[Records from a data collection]
--

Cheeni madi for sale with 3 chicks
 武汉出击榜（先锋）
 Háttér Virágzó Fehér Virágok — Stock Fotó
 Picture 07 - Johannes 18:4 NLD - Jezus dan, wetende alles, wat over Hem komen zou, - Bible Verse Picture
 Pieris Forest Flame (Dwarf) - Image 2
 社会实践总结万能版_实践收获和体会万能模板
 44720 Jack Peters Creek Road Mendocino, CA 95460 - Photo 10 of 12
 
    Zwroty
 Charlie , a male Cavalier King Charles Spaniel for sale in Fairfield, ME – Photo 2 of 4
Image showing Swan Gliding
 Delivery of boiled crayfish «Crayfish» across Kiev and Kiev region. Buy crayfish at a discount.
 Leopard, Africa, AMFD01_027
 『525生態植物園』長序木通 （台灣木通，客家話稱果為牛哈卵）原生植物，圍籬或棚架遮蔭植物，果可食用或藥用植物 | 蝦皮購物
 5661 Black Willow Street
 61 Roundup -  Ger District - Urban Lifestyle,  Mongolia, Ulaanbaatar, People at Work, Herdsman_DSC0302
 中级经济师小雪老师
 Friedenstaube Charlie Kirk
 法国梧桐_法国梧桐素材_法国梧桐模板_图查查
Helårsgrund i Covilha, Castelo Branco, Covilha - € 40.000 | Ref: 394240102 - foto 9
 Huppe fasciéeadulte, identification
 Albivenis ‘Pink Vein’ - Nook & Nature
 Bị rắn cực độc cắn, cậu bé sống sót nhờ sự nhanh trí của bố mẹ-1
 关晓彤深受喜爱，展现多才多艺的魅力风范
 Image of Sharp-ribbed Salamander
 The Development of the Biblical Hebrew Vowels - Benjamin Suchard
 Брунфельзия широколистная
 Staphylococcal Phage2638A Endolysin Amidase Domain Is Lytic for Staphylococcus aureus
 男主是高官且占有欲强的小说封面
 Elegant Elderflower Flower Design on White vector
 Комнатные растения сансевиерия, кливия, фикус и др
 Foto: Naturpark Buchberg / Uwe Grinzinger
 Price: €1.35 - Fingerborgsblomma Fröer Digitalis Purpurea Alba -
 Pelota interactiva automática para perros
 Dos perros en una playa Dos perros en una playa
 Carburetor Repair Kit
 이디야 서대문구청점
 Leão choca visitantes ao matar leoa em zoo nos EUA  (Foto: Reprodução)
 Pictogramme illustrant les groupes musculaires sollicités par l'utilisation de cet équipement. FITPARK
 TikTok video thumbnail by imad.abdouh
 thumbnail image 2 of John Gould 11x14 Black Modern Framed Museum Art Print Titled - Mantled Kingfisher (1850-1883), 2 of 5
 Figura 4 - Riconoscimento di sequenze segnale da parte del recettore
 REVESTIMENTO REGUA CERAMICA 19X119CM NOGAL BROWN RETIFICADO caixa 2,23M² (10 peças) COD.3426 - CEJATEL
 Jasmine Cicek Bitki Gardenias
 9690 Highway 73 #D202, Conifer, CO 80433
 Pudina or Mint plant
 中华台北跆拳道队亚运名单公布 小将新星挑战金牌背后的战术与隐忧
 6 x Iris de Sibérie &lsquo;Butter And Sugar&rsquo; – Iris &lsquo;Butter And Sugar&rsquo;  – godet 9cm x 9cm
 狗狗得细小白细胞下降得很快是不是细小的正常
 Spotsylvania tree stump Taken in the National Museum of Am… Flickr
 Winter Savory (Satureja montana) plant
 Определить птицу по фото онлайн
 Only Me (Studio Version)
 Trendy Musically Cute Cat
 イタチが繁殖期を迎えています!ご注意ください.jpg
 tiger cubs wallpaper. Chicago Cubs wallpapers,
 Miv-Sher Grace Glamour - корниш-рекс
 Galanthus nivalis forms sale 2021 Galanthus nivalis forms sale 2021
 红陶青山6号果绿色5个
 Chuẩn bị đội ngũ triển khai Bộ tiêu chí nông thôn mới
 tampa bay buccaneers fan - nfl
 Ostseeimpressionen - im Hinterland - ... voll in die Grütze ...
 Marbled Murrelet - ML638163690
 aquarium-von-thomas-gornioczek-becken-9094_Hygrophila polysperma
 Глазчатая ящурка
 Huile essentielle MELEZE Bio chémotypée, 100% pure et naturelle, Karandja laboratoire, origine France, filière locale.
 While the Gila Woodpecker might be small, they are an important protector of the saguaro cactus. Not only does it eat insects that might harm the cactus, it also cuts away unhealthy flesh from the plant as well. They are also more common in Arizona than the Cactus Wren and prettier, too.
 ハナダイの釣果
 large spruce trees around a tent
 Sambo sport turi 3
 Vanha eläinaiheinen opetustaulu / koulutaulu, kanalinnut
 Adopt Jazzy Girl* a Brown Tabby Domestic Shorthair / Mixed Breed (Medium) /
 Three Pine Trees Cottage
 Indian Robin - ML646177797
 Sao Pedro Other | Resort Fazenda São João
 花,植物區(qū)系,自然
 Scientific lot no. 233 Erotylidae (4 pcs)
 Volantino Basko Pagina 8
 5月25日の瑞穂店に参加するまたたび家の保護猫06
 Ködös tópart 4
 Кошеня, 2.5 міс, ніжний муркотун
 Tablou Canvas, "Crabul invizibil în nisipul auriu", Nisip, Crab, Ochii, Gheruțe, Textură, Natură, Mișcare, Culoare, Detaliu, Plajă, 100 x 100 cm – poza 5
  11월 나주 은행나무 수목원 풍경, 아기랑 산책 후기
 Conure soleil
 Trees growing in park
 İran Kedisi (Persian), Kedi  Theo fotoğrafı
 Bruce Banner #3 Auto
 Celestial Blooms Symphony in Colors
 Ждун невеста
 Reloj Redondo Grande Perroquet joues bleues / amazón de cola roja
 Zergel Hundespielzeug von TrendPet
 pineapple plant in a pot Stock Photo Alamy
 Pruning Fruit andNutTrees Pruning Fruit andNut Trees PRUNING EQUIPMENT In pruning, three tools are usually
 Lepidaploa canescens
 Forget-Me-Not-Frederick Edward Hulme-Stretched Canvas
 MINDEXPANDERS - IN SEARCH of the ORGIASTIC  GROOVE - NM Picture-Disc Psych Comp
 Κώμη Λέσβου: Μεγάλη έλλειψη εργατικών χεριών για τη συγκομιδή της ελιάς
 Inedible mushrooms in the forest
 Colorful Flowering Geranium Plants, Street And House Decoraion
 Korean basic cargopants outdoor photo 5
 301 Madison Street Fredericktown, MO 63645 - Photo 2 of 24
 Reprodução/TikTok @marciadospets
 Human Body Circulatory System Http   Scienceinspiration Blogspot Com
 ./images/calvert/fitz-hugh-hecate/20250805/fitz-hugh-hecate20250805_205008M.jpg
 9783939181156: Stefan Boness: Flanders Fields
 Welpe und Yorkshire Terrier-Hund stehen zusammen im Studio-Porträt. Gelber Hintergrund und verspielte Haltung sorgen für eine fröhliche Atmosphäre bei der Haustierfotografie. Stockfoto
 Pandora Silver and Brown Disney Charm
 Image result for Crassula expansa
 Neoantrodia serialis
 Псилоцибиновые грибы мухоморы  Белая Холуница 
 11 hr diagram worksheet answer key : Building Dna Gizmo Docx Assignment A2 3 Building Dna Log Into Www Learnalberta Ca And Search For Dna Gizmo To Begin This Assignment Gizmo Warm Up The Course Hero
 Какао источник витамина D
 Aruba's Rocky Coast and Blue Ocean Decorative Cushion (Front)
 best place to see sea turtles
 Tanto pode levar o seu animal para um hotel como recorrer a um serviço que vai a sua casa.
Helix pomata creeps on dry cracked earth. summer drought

--

» **Problem to solve**:
A complete, exact transcription of the data above is the required answer.

» **Solution to the exercise**:
Cheeni madi for sale with 3 chicks
 武汉出击榜（先锋）
 Háttér Virágzó Fehér Virágok — Stock Fotó
 Picture 07 - Johannes 18:4 NLD - Jezus dan, wetende alles, wat over Hem komen zou, - Bible Verse Picture
 Pieris Forest Flame (Dwarf) - Image 2
 社会实践总结万能版_实践收获和体会万能模板
 44720 Jack Peters Creek Road Mendocino, CA 95460 - Photo 10 of 12
 
    Zwroty
 Charlie , a male Cavalier King Charles Spaniel for sale in Fairfield, ME – Photo 2 of 4
Image showing Swan Gliding
 Delivery of boiled crayfish «Crayfish» across Kiev and Kiev region. Buy crayfish at a discount.
 Leopard, Africa, AMFD01_027
 『525生態植物園』長序木通 （台灣木通，客家話稱果為牛哈卵）原生植物，圍籬或棚架遮蔭植物，果可食用或藥用植物 | 蝦皮購物
 5661 Black Willow Street
 61 Roundup -  Ger District - Urban Lifestyle,  Mongolia, Ulaanbaatar, People at Work, Herdsman_DSC0302
 中级经济师小雪老师
 Friedenstaube Charlie Kirk
 法国梧桐_法国梧桐素材_法国梧桐模板_图查查
Helårsgrund i Covilha, Castelo Branco, Covilha - € 40.000 | Ref: 394240102 - foto 9
 Huppe fasciéeadulte, identification
 Albivenis ‘Pink Vein’ - Nook & Nature
 Bị rắn cực độc cắn, cậu bé sống sót nhờ sự nhanh trí của bố mẹ-1
 关晓彤深受喜爱，展现多才多艺的魅力风范
 Image of Sharp-ribbed Salamander
 The Development of the Biblical Hebrew Vowels - Benjamin Suchard
 Брунфельзия широколистная
 Staphylococcal Phage2638A Endolysin Amidase Domain Is Lytic for Staphylococcus aureus
 男主是高官且占有欲强的小说封面
 Elegant Elderflower Flower Design on White vector
 Комнатные растения сансевиерия, кливия, фикус и др
 Foto: Naturpark Buchberg / Uwe Grinzinger
 Price: €1.35 - Fingerborgsblomma Fröer Digitalis Purpurea Alba -
 Pelota interactiva automática para perros
 Dos perros en una playa Dos perros en una playa
 Carburetor Repair Kit
 이디야 서대문구청점
 Leão choca visitantes ao matar leoa em zoo nos EUA  (Foto: Reprodução)
 Pictogramme illustrant les groupes musculaires sollicités par l'utilisation de cet équipement. FITPARK
 TikTok video thumbnail by imad.abdouh
 thumbnail image 2 of John Gould 11x14 Black Modern Framed Museum Art Print Titled - Mantled Kingfisher (1850-1883), 2 of 5
 Figura 4 - Riconoscimento di sequenze segnale da parte del recettore
 REVESTIMENTO REGUA CERAMICA 19X119CM NOGAL BROWN RETIFICADO caixa 2,23M² (10 peças) COD.3426 - CEJATEL
 Jasmine Cicek Bitki Gardenias
 9690 Highway 73 #D202, Conifer, CO 80433
 Pudina or Mint plant
 中华台北跆拳道队亚运名单公布 小将新星挑战金牌背后的战术与隐忧
 6 x Iris de Sibérie &lsquo;Butter And Sugar&rsquo; – Iris &lsquo;Butter And Sugar&rsquo;  – godet 9cm x 9cm
 狗狗得细小白细胞下降得很快是不是细小的正常
 Spotsylvania tree stump Taken in the National Museum of Am… Flickr
 Winter Savory (Satureja montana) plant
 Определить птицу по фото онлайн
 Only Me (Studio Version)
 Trendy Musically Cute Cat
 イタチが繁殖期を迎えています!ご注意ください.jpg
 tiger cubs wallpaper. Chicago Cubs wallpapers,
 Miv-Sher Grace Glamour - корниш-рекс
 Galanthus nivalis forms sale 2021 Galanthus nivalis forms sale 2021
 红陶青山6号果绿色5个
 Chuẩn bị đội ngũ triển khai Bộ tiêu chí nông thôn mới
 tampa bay buccaneers fan - nfl
 Ostseeimpressionen - im Hinterland - ... voll in die Grütze ...
 Marbled Murrelet - ML638163690
 aquarium-von-thomas-gornioczek-becken-9094_Hygrophila polysperma
 Глазчатая ящурка
 Huile essentielle MELEZE Bio chémotypée, 100% pure et naturelle, Karandja laboratoire, origine France, filière locale.
 While the Gila Woodpecker might be small, they are an important protector of the saguaro cactus. Not only does it eat insects that might harm the cactus, it also cuts away unhealthy flesh from the plant as well. They are also more common in Arizona than the Cactus Wren and prettier, too.
 ハナダイの釣果
 large spruce trees around a tent
 Sambo sport turi 3
 Vanha eläinaiheinen opetustaulu / koulutaulu, kanalinnut
 Adopt Jazzy Girl* a Brown Tabby Domestic Shorthair / Mixed Breed (Medium) /
 Three Pine Trees Cottage
 Indian Robin - ML646177797
 Sao Pedro Other | Resort Fazenda São João
 花,植物區(qū)系,自然
 Scientific lot no. 233 Erotylidae (4 pcs)
 Volantino Basko Pagina 8
 5月25日の瑞穂店に参加するまたたび家の保護猫06
 Ködös tópart 4
 Кошеня, 2.5 міс, ніжний муркотун
 Tablou Canvas, "Crabul invizibil în nisipul auriu", Nisip, Crab, Ochii, Gheruțe, Textură, Natură, Mișcare, Culoare, Detaliu, Plajă, 100 x 100 cm – poza 5
  11월 나주 은행나무 수목원 풍경, 아기랑 산책 후기
 Conure soleil
 Trees growing in park
 İran Kedisi (Persian), Kedi  Theo fotoğrafı
 Bruce Banner #3 Auto
 Celestial Blooms Symphony in Colors
 Ждун невеста
 Reloj Redondo Grande Perroquet joues bleues / amazón de cola roja
 Zergel Hundespielzeug von TrendPet
 pineapple plant in a pot Stock Photo Alamy
 Pruning Fruit andNutTrees Pruning Fruit andNut Trees PRUNING EQUIPMENT In pruning, three tools are usually
 Lepidaploa canescens
 Forget-Me-Not-Frederick Edward Hulme-Stretched Canvas
 MINDEXPANDERS - IN SEARCH of the ORGIASTIC  GROOVE - NM Picture-Disc Psych Comp
 Κώμη Λέσβου: Μεγάλη έλλειψη εργατικών χεριών για τη συγκομιδή της ελιάς
 Inedible mushrooms in the forest
 Colorful Flowering Geranium Plants, Street And House Decoraion
 Korean basic cargopants outdoor photo 5
 301 Madison Street Fredericktown, MO 63645 - Photo 2 of 24
 Reprodução/TikTok @marciadospets
 Human Body Circulatory System Http   Scienceinspiration Blogspot Com
 ./images/calvert/fitz-hugh-hecate/20250805/fitz-hugh-hecate20250805_205008M.jpg
 9783939181156: Stefan Boness: Flanders Fields
 Welpe und Yorkshire Terrier-Hund stehen zusammen im Studio-Porträt. Gelber Hintergrund und verspielte Haltung sorgen für eine fröhliche Atmosphäre bei der Haustierfotografie. Stockfoto
 Pandora Silver and Brown Disney Charm
 Image result for Crassula expansa
 Neoantrodia serialis
 Псилоцибиновые грибы мухоморы  Белая Холуница 
 11 hr diagram worksheet answer key : Building Dna Gizmo Docx Assignment A2 3 Building Dna Log Into Www Learnalberta Ca And Search For Dna Gizmo To Begin This Assignment Gizmo Warm Up The Course Hero
 Какао источник витамина D
 Aruba's Rocky Coast and Blue Ocean Decorative Cushion (Front)
 best place to see sea turtles
 Tanto pode levar o seu animal para um hotel como recorrer a um serviço que vai a sua casa.
Helix pomata creeps on dry cracked earth. summer drought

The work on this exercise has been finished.